By Emy Treurniet at April 28 2019 23:07:10
So, what are the key sections of a great plan document? Well, there are many opinions to this as well as ways to approach it, but there are definitely some key 'ingredients' to a solid plan. A great plan features all the typical main sections, but also has many refinements not found in the average plan. The main sections recommended include a clean, well_designed cover page, table of contents, cover letter, executive summary, business overview, sales and marketing section, operations section, HR section, action plan and financial section with tables for _ at the very minimum _ expenses, revenue, and cash flow projections. Within these sections, a professional writer creates many headings and lots of writing that describes every aspect of the business in very good detail. On average, most business plans end up being about 25 to 35 pages in length.
If you need to get going quickly to ride the wave of a fad before it fizzles, then fast, bare_bones planning may be all you've got time to execute.

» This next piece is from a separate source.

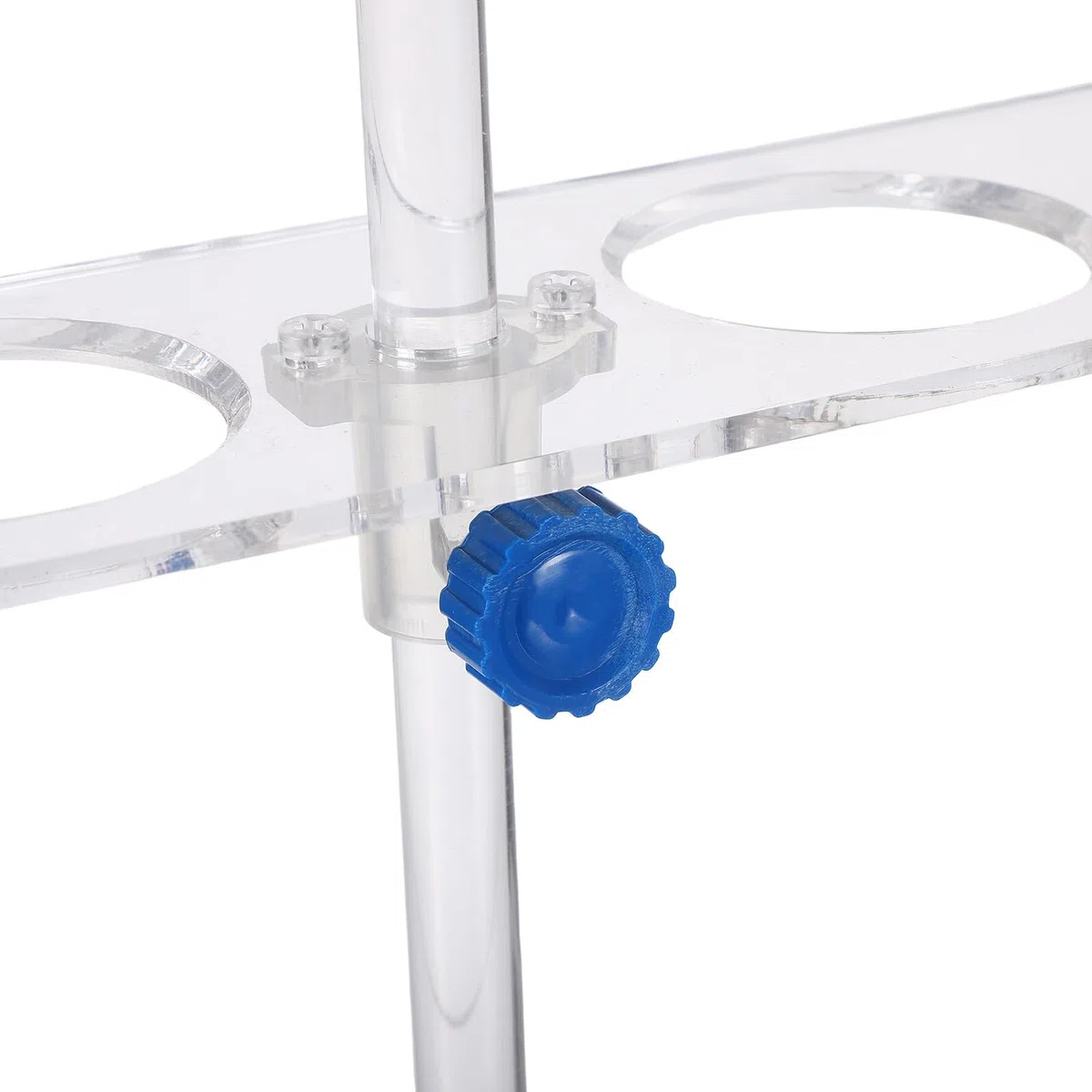 VALICLUD Acryl Labortrichterständer mit 4 Löchern und 55mm Durchmesser Säurebeständig und Leicht zu Reinigen für Chemieunterricht und Labororganisation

This works best when you've already got the infrastructure in place, perhaps from previous projects or an established business, and you can simply shift energy and resources to the new idea.
Marketing Analysis/Strategy: The next thing to write (after the general description) should be your marketing strategy. For new or existing businesses, market analysis is an important basis for the marketing plan and will help justify the sales forecast. Existing businesses will rely heavily on past performance as an indicator of the future. New businesses have a greater challenge _ they will rely more on market research using libraries, trade associations, government statistics, surveys, competitor observations, etc. In all cases, make sure your market analysis is relevant to establishing the viability of your new business and the reasonableness of the sales forecast.

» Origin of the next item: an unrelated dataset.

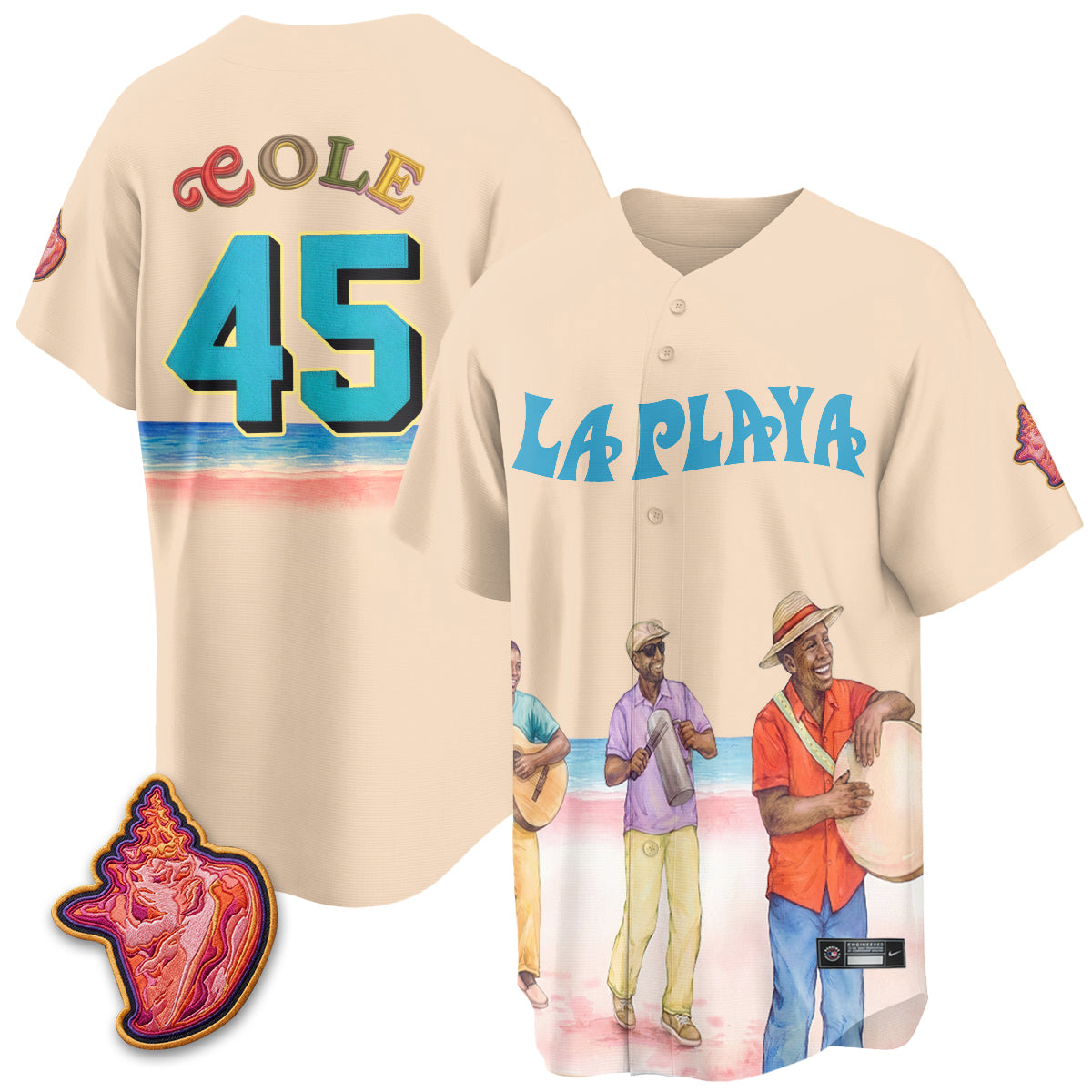 New York Yankees Beach Connect "La Playa" Edition Vapor Jersey- Patch Stitched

Now let's say you estimate your conversation rate to be 3% of turning leads into paying customers with the advertising method you're going to use, how many leads would need to contact to get 387 customers? Simply divide 387 by 3% and you get 12꽭 leads you're going to need to contact. Then the question is; is your market going to be big enough to provide you with 12꽭 leads for the next year and how many will you need each of the following years?